Johannesburg

Reflecting while looking forward: Blessing Ngobeni’s Ntsumi Ya Vutomi

more than a year ago
"I still have hope that one day we will wake up in each other's arms, helping each other to grow and claim back our African heritage, history and dignity," reads a quote by Blessing Ngobeni on the walls of the Standard Bank Gallery.

It’s an apt point of entry into a body of work that manages to hold hope and despair, anger and joy, and humour and sadness in equal measure.
Blessing Ngobeni's Fallen Tea Incircle II (2022). Photo: Johannesburg In Your Pocket.

On at Standard Bank Gallery until Sep 16, 2023, Ntsumi Ya Vutomi is an impressive solo that presents a survey of Ngobeni’s work over recent years. Picking up where he left off with his voluminous Standard Bank Young Artist of the Year for visual arts exhibition, Chaotic Pleasure (2020), Ntsumi Ya Vutomi presents the evolution of a signature style.

The exhibition is an expansive one. It features sculpture, installation and video work alongside his characteristic mixed-media, collage-style paintings. Central to the exhibition is Ngobeni’s belief in art as a transformative tool in a post-colonial world that continues to be unequal along historical and contemporary lines of race, class and gender.

“I’m working with the experiences that one goes through,” he says, “examining the circumstances that allow others to learn and grow, while others feel discouraged to do things. It is a way of reflecting while looking forward.”

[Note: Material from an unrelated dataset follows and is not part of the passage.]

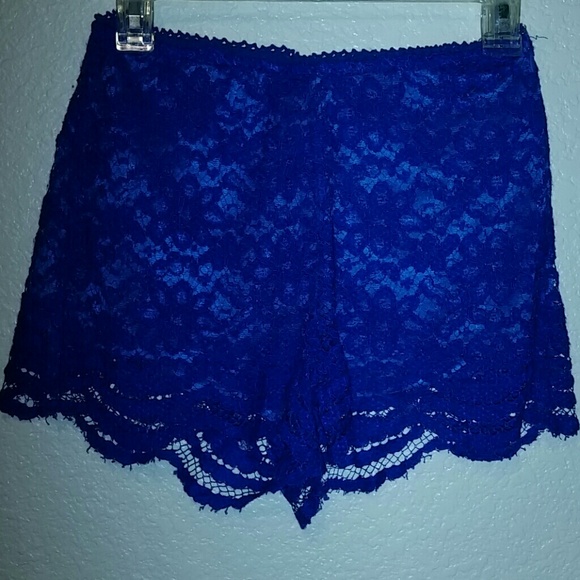 Forever 21 Pants - Lace high wasted shorts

Much of Ngobeni’s subject matter in this regard is taken from his own lived experience. Having experienced a difficult childhood that included homelessness and, later, incarceration, Ngobeni began making art in prison after seeing the humanity it brought to the lives of fellow inmates. Shortly after this, he joined the Tsoga Art Workshops and went on to study printmaking at Artist Proof Studio.
 
Blessing Ngobeni's Walking Dead Politics #Made In China (2020). Photo: Johannesburg In Your Pocket.

Here, we see Ngobeni’s use of collage, text, striking figuration, and illustrative line work. As if emerging from the canvas, and spiralling outwards, Ngobeni’s sculptures – equal parts grotesque and playful – cast wiry shadows on the gallery walls, while his video works put these characters to work in a striking animated procession. At the centre of the space, a series of small puppets, each flying a flag, engage in their own procession, speaking to the intersecting notions of borders, labour, mobility and control.  

But it’s the canvases that steal the show. Ngobeni’s signature style shines through in every one of his paintings. Here, the artist displays his rare combination of styles, paying respect to some of his core references such as Gerard Sekoto, Dumile Feni and Jean-Michel Basquiat.
 
Installation view of Blessing Ngobeni's Blunt Question (2023). Photo by Johannesburg In Your Pocket.

Curated by Thembinkosi Goniwe alongside Nkuli Nhleko, the show ultimately serves as a representation of Ngobeni’s many modes, references and styles. Similarly, the exhibition is a means of conversing with the world, engaging with a long view of history and tracing its echoes into the present day.

In Ntsumi Ya Vutomi, Ngobeni disrupts and reimagines grand notions of time, modernity, freedom and more. Here, the artist becomes “the messenger of the black experience in neo-colonial apartheid masquerading as a liberal democracy”.    

Ntsumi Ya Vutomi is on exhibition at the Standard Bank Gallery from Thu, Aug 3 and runs until Sat, Sep 16, 2023.